School of Veterinary Medicine and Animal Science
- Type: Veterinary school
- Established: 2012
- Parent institution: University of Copenhagen
- Director: Birgit Nørrung
- Location: Frederiksberg and Taastrup, Denmark
- Website: vetschool.ku.dk/english/

= UCPH School of Veterinary Medicine and Animal Science =

Veterinary school in Copenhagen, Denmark

The UCPH School of Veterinary Medicine and Animal Science (UCPH Vetschool) is part of the Faculty of Health and Medical Sciences at University of Copenhagen (UCPH) in Copenhagen, Denmark. Based at the university's Frederiksberg Campus in Frederiksberg and the Taastrup Campus in the suburb of Taastrup, the school originates in the Royal Veterinary and Agricultural University which was merged into UCPH in 2007. It is the only institution that trains veterinarians in Denmark. The programme is taught in two veterinary teaching hospitals, one at the Frederiksberg Campus and one for large animals in Taastrup.

==History==
In January 2007, the Royal Veterinary and Agricultural University was merged into the University of Copenhagen and was renamed as the Faculty of Life Sciences. This was later split up, with the veterinary part merging with the Faculty of Health Sciences and the Faculty of Pharmaceutical Sciences to form the Faculty of Health and Medical Sciences and the rest merging into the Faculty of Science.

==Departments==
- Department of Veterinary and Animal Sciences
- Department of Veterinary Clinical Sciences

==Programmes==
As of 2015, UCPH Vetschool offers the following programmes:
- Veterinary medicine (Vet) Bachelor and Master
- Animal Science, Bachelor (SCIENCE registration)
- Animal Science, Master
- Biology-Biotechnology, Master (SCIENCE registration)

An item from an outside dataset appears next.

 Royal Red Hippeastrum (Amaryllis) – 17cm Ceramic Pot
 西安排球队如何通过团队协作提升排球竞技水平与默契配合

===Post-graduate master programmes===
- Master of Veterinary Public Health
- Master of Companion Animal Clinical Science
- Master of Laboratory Animal Science

===Summer School and individual courses===
- One Health International Summer School

==Animal hospitals==
The Vet School includes two animal hospitals where veterinarians are trained. They are the only veterinary teaching hospitals in Denmark.

The University Teaching Hospital for Companion Animals at the Frederiksberg Campus is both a regular clinic where clients bring their companion animals for treatment and an advanced animal hospital for its own patients as well as patients referred from private vets. Its building is from 2011 and was designed by Rørbæk & Møller Arkitekter.

The University Teaching Hospital for Large Animals is situated at the Taastrup Campus in Taastrup outside Copenhagen. It is a specialized in horses and receiving patients from all across Denmark. It also runs a mobile unit for outpatients as well as a teaching unit.

The referral hospital receives a wide range of patients from the ”rare case” to plain castrations.

==Collaborations==
The Vetschool collaborates with private companies as well as government offices. Cooperation on education is formalized through the advisory boards for the different programs. Examples of formalized collaborations include Lifepharm, Videncenter for dyrevelfærd and SHARE.